Recordar, que  muitos dos trabalhadores, mais jovens, que vinham para as Vindimas dos Biscoitos, tinham como obectivo ganhar uns dinheirinhos para os Toiros do Porto nos Biscoitos – Festa muito concorrida e apreciada, singular na Ilha, naquela altura quem tivesse 100$00 (escudos) tinha muito dinheiro! (…)
As Mulheres ganhavam 15$00 chegando depois aos 20$00. Os Homens, esses recebiam 25$00, esses os valores correspondentes ao dia de trabalho. As muheres regressavam mais cedo a casa e os Homens ficavam para acartar os cestos.
Este pessoal era contratado quando chegavam à Praça, logo pela manhã, vindos do Raminho e da Agualva, pagando-se sempre no final da sua jornada de trabalho.
Ainda algumas lembranças mais desses meus tempos de Vindima:
Recordo-me dos condutores das «Fragonetas», lembro-me bem dos Sr. Farpela, todos queriam que fosse ele a ir carregar as uvas, dada a sua nobreza e simpatia no trato, emigrou para os EUA, já falecido, “para o seu lugar” veio o José Gabriel «Chalô ou Chalão, de apelido», emigrou para o Canadá, mais tarde o José Daniel Lourenço, do Raminho - reside nessa freguesia de onde é natural e mantém praça e por último dos que me recordo o Sr. Roberto Linhares, um micalense que casou para os Biscoitos e que tinha também um «Botequim», onde se podia comer uma boa feijoada e chicharros fritos, localizado acima da Adega do António da Chica, tinha uma Fragoneta (Furgoneta), verde, muito bonita, da emblemática marca alemã «BORGWARD», havia-a adquirido, a primeira que teve, ao Pescador Fermínio de São Mateus, depois comprou outra à Mobil, essa já a gazolina, depois substitui por uma Nissan Caball, mas isso já no pós sismo de 80. Os três primeiros eram condutores da Sotran, enquanto o Roberto tinha sido condutor da EVT, mas viria a establecer-se por conta própria.

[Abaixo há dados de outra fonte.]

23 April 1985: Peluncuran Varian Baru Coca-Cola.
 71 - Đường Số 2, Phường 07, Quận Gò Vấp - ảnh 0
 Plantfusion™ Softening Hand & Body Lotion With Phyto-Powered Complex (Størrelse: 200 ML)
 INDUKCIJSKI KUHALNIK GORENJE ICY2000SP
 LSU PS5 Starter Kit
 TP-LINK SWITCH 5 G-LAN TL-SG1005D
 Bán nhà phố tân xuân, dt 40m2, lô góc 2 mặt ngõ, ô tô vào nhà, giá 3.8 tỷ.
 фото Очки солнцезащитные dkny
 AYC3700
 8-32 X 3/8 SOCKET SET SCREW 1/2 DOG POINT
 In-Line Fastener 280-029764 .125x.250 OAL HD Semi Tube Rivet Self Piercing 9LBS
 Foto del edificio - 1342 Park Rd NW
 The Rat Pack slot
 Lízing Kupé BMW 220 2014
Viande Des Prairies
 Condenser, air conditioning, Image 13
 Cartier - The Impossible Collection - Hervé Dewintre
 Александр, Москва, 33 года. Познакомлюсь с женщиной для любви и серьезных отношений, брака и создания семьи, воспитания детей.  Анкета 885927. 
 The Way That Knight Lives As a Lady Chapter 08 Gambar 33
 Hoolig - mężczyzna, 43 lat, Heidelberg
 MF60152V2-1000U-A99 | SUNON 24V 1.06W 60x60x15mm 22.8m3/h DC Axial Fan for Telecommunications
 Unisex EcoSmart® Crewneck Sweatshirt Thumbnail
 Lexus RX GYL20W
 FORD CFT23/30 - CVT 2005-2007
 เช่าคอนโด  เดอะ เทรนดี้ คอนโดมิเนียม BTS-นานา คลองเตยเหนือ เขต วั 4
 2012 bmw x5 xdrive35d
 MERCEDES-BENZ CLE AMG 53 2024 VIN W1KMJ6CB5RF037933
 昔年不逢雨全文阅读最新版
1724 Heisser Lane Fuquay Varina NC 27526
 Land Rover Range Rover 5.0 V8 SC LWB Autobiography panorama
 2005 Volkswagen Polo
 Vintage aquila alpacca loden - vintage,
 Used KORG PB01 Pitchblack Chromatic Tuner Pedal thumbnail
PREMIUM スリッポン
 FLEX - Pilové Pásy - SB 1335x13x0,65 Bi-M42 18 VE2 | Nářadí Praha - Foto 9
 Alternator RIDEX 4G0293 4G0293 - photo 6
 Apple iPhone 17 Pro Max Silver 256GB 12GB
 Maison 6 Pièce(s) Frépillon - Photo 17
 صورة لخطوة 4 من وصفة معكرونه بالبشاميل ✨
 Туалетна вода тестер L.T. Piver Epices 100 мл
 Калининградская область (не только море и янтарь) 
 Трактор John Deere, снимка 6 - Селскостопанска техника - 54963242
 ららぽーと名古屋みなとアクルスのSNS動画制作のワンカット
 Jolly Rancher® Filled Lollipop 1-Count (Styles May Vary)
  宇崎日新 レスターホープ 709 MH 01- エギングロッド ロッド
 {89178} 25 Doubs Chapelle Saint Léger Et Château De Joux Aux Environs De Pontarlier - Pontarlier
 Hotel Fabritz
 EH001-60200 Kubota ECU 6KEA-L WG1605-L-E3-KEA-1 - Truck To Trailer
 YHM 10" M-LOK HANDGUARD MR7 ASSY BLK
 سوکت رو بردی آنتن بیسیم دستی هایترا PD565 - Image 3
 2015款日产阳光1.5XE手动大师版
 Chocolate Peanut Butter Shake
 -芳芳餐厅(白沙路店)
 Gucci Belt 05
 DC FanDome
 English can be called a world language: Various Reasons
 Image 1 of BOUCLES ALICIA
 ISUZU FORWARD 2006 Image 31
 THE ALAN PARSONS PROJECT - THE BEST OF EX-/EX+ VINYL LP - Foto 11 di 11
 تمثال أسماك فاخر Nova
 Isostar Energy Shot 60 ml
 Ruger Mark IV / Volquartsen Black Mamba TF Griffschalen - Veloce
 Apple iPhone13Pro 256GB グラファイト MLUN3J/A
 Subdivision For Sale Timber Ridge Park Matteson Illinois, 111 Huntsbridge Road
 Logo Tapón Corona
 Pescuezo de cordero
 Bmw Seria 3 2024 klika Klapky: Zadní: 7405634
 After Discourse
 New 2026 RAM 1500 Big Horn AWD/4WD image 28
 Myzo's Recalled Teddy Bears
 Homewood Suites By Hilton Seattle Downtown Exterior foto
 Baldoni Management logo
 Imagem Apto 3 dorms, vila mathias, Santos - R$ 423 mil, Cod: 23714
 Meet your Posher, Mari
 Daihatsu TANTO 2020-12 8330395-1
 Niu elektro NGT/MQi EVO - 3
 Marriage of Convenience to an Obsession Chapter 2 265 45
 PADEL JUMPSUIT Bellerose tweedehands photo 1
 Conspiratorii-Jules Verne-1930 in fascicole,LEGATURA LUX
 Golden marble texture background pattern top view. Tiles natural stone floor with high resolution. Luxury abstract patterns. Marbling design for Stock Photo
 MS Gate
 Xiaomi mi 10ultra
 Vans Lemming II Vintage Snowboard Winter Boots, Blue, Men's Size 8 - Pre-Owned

Na segunda-feira, da Festa dos Biscoitos, dia de Tourada de fama, de manhãzinha podia-se escutar os sons da “magistral orquestra”, porque os viticultores eram também lavradores, de regresso das vacas, a hora, era de mexer novamente o pé que se encontrava na prensa e dar-lhe mais outro aperto, para depois se poder dar uma fuga ao mato, à boleia, para se assistir à apartação dos Toiros, que iriam ser corridos ao final da tarde, na concorrida tourada da ilha, nesse tempo só havia essa nesse dia.